(Records from a data collection)
%%
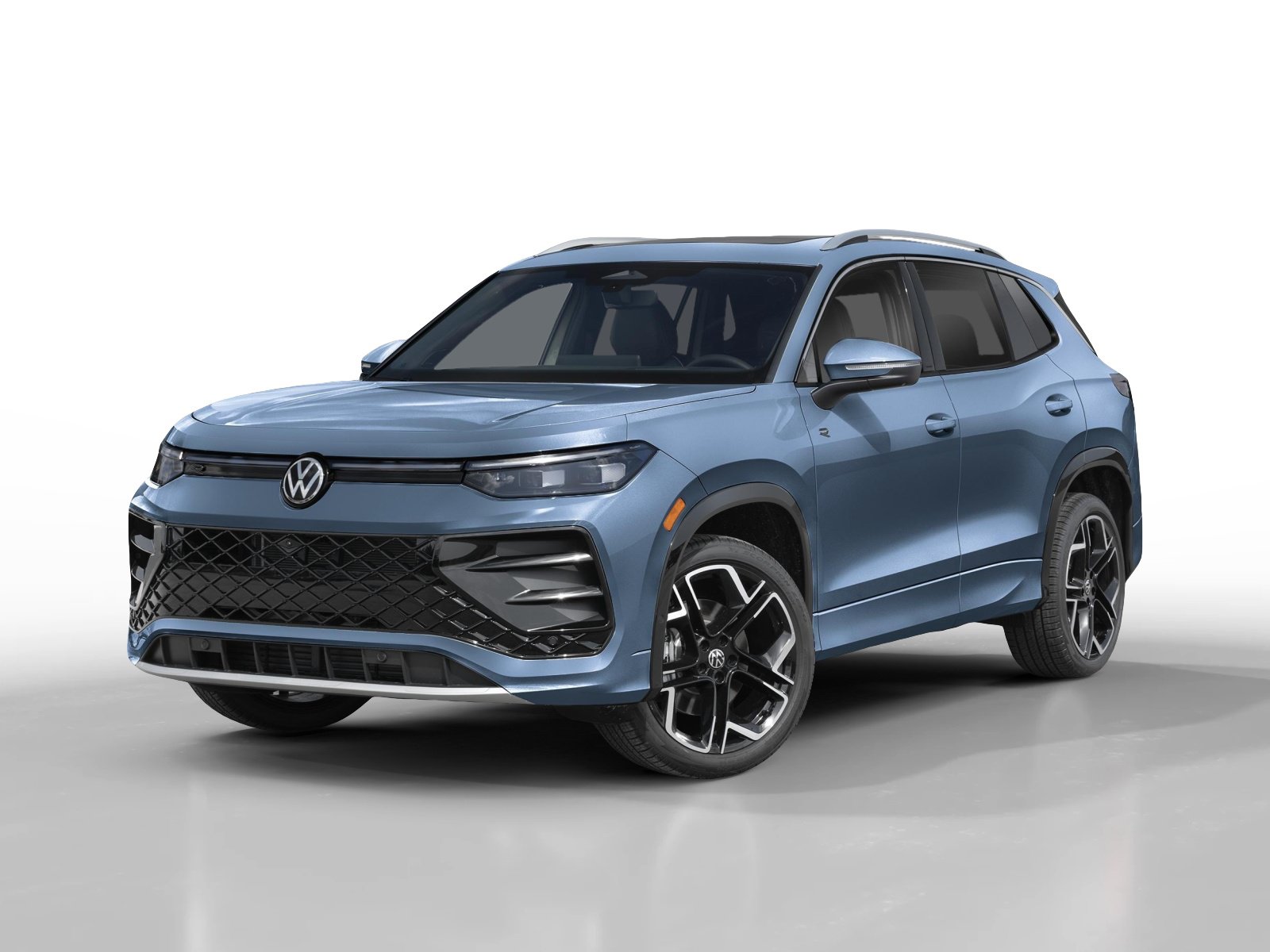 New 2026 Volkswagen Tiguan SEL R-Line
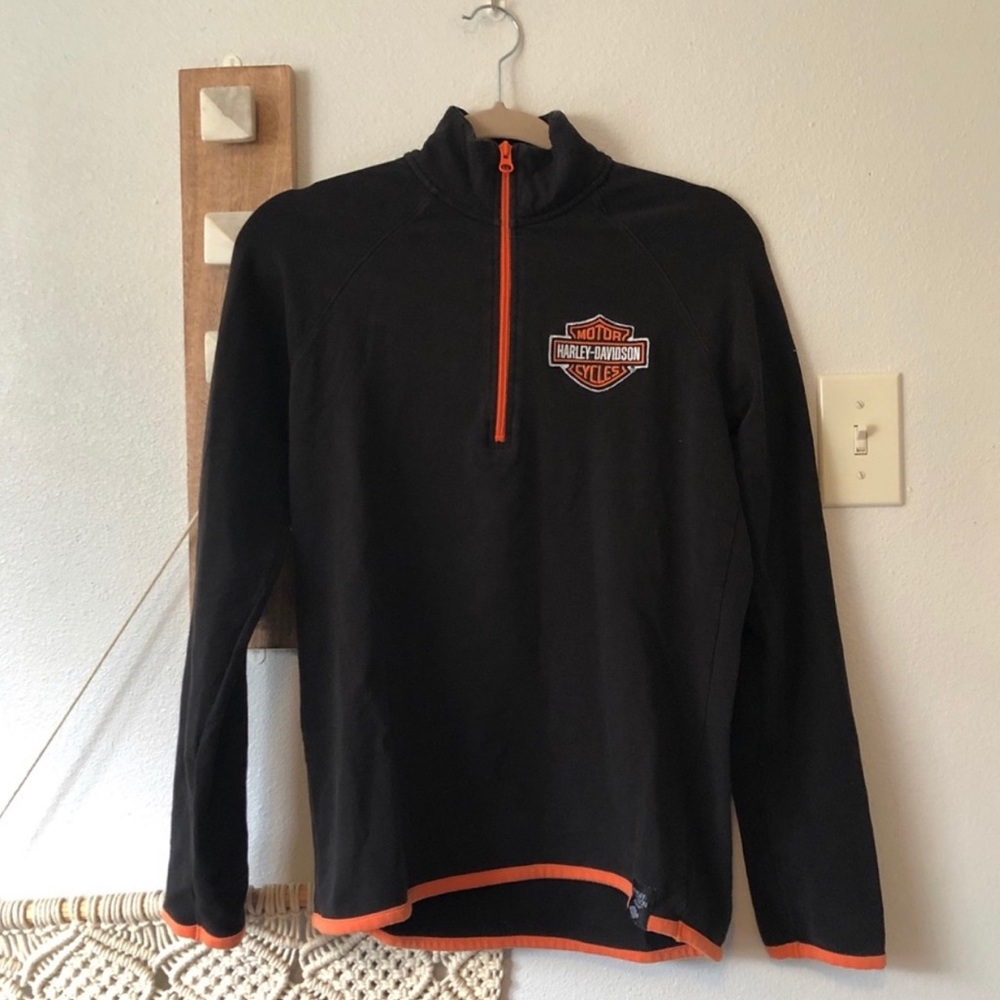 Harley Davidson Pullover (M)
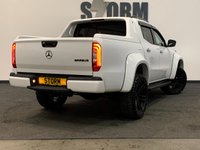 USED 2019 69 MERCEDES-BENZ X-CLASS | NO 16 | 2.3 X250 D 4MATIC PROGRESSIVE 4d 188 BHP 
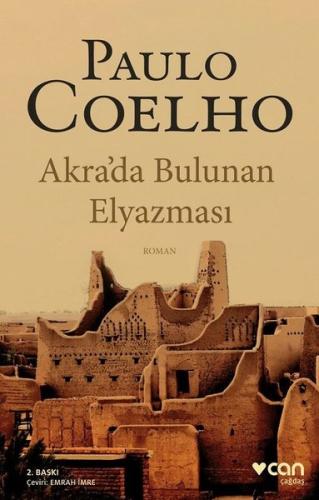 Akra'da Bulunan Elyazması Peter Bürger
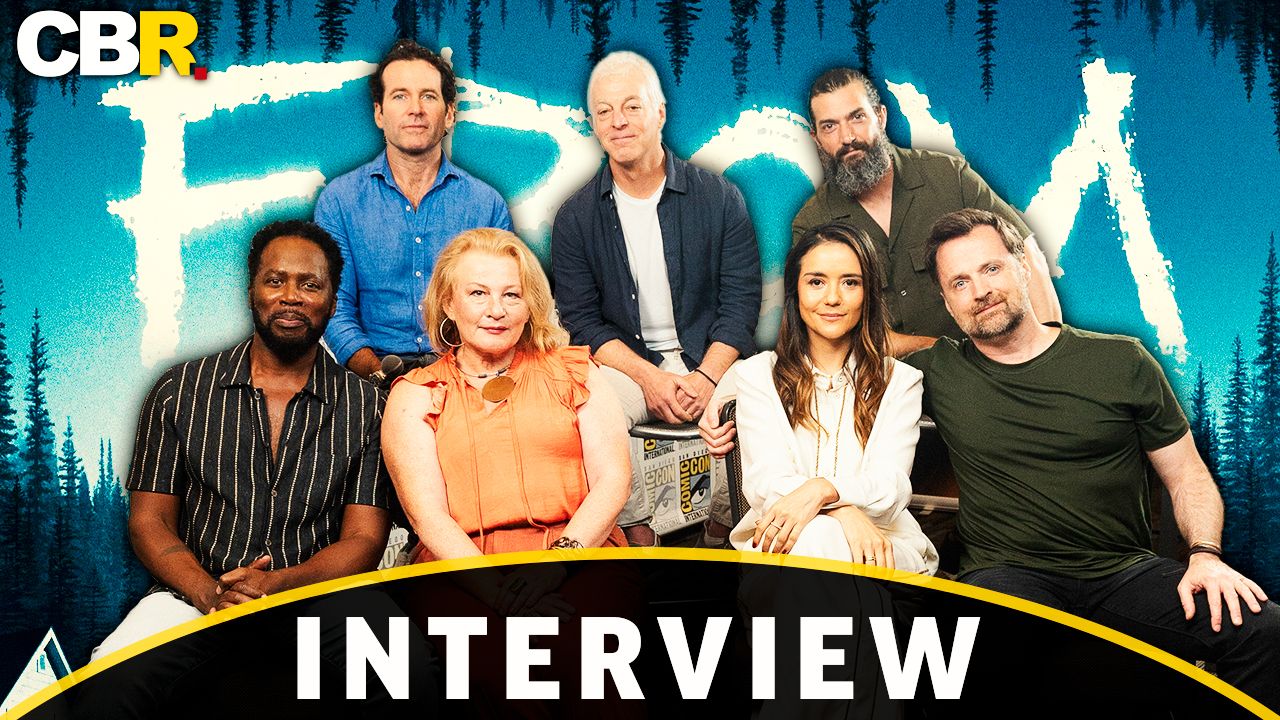 'From' Cast and Crew Talk About the Mystery Behind the Show and How Even They are Left in the Dark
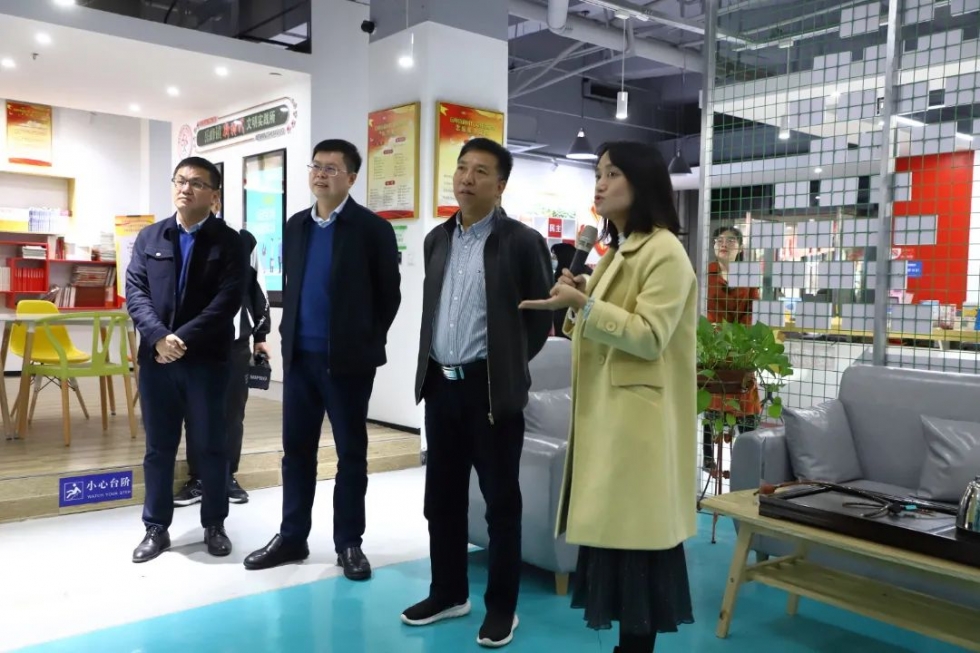 揭牌！晋安新成立“中心”“驿站”服务这项工作
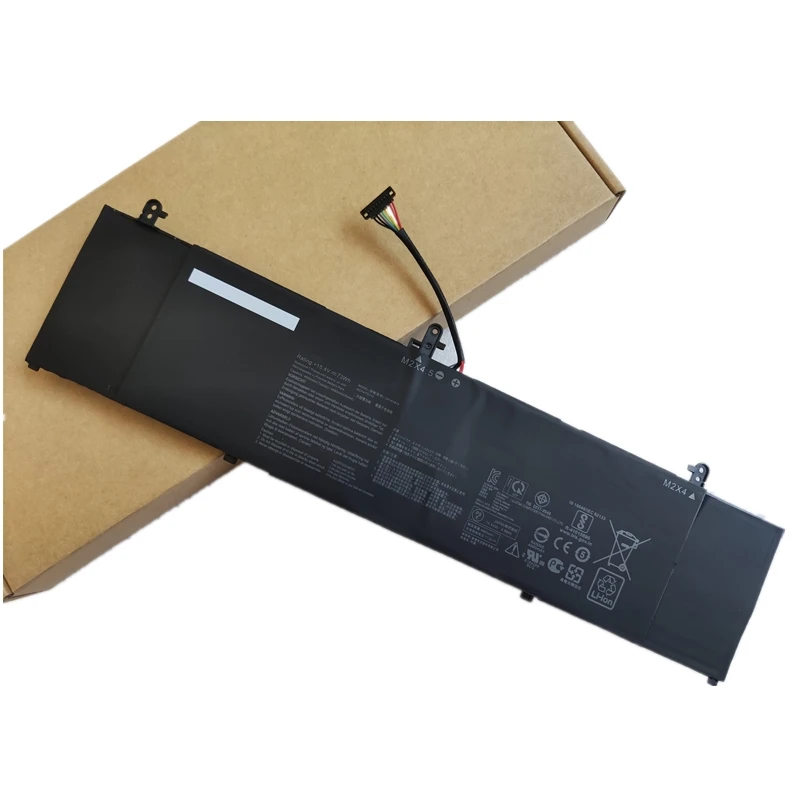  C41N1814 4ICP4/73/110   73Wh  Asus ZenBook 15 RX533 RX533FD UX533 BX533FD UX533FD-NS76 UX533FN U5300FD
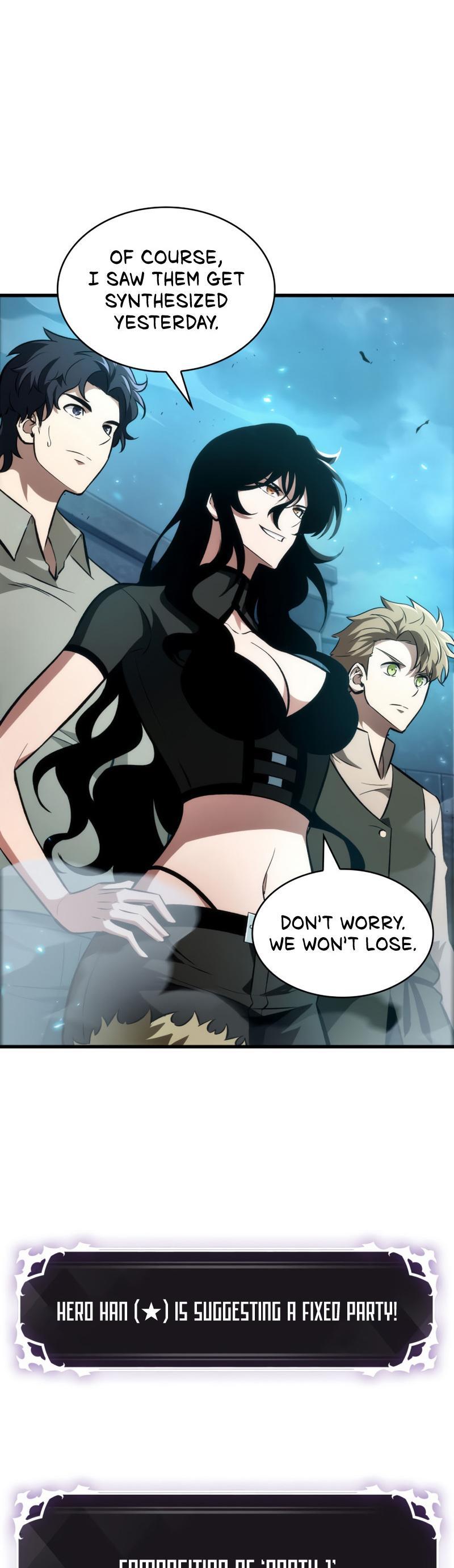 Pick Me Up Chap 19 - Next Chap 20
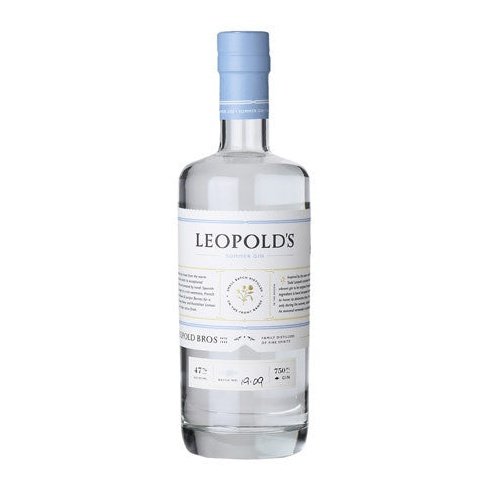 Leopold's Summer Gin 750ml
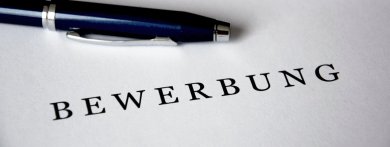Bewerbung Bewerbung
%%
= Exercise prompt =
Lines starting at the one with "Akra'da Bulunan Elyazması Peter Bürger" and ending at the last line of the entries above must be restated word for word, with pictures omitted.

= Solution for this problem =
 Akra'da Bulunan Elyazması Peter Bürger
 'From' Cast and Crew Talk About the Mystery Behind the Show and How Even They are Left in the Dark
 揭牌！晋安新成立“中心”“驿站”服务这项工作
  C41N1814 4ICP4/73/110   73Wh  Asus ZenBook 15 RX533 RX533FD UX533 BX533FD UX533FD-NS76 UX533FN U5300FD
 Pick Me Up Chap 19 - Next Chap 20
 Leopold's Summer Gin 750ml
Bewerbung Bewerbung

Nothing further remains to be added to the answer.